- Posted On: July 21, 2021
In the previous blog, we explored how important it is for the housing market to embrace comfort and energy standards. With this in mind, the government launched the residential building energy code – Eco Niwas Samhita (Part 1: Building Envelope) in 2018 as an important regulatory measure for improving thermal comfort and energy use in housing.
Let’s now address some of the commonly asked questions about this building Code to better understand its need and application for the Indian building sector.
What is the need for an energy code?
Similar to other codes for fire and structural safety, Eco Niwas Samhita (ENS) specifies the minimum requirements that residential buildings should be designed for, to ensure comfortable temperatures can be maintained inside houses for longer, reducing the need for active cooling and heating and also the energy required for it.
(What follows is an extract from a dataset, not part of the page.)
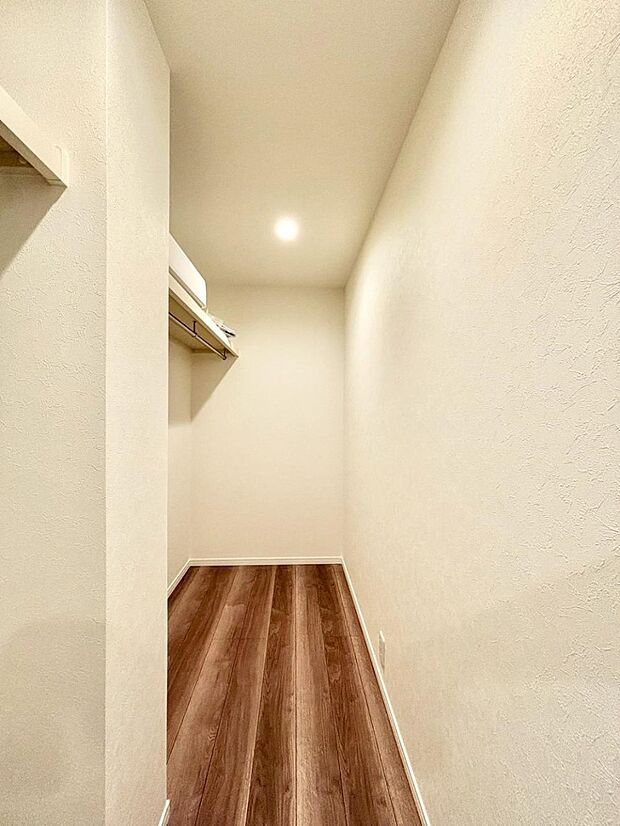 ウォークインクローゼットの活用で生活空間スッキリ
Even with knowledge of passive design measures and climate appropriate design practices within the design industry, it is difficult to ensure that all housing projects are built to a minimum standard without using a Code which can be used to assess compliance. This is evident as current green housing projects in the country look to adopt voluntary rating systems such as Leadership in Energy and Environmental Design (LEED), Green Rating for Integrated Habitat Assessment (GRIHA) etc., but their use is preferred by high-income housing projects where both users and developers understand the benefits and represent the first movers in the market.
However, the bulk of the housing market needs guidance from a standard approach like a Code to lead to large scale adoption and availability of energy efficient houses. This ensures basic minimum criteria is met across housing projects, allows for ease of compliance by the government and is not limited to an individual designer’s skill, eventually, leading to informed practices being adopted by the larger housing industry.
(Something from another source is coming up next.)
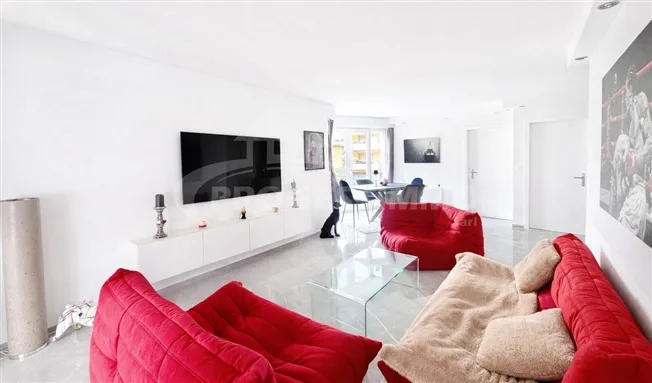 4,5 PEZZI DI APPARTAMENTO DI LUSSO CON GRANDE TERRAZZA – foto 3 di 8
Aren’t Code compliant buildings expensive to build?
Depending on the design approach and materials used, the additional costs for complying with the Eco-Niwas Samhita are likely to minimal and in the range of 1-2% of the total cost of the building. It has been designed to be used by mass housing projects by using construction materials and technologies that are affordable and readily available in the market.
What are the ENS compliance requirements?
Eco-Niwas Samhita has been designed after studying energy use in hundreds of apartments in different cities across climate zones in India. This data has been used to simulate multiple combinations of possible solutions to arrive at the optimal standard for different climate types based on common construction practices.
The Code provides design flexibility to innovate in the design of building envelope, passive measures and choice of building materials to meet the compliance requirements.
To check compliance, architects and designers will need to fill in readily available information from architectural drawings about building areas, construction materials for the envelope, orientation and location in India into a compliance tool. This does not require any simulation software to be used.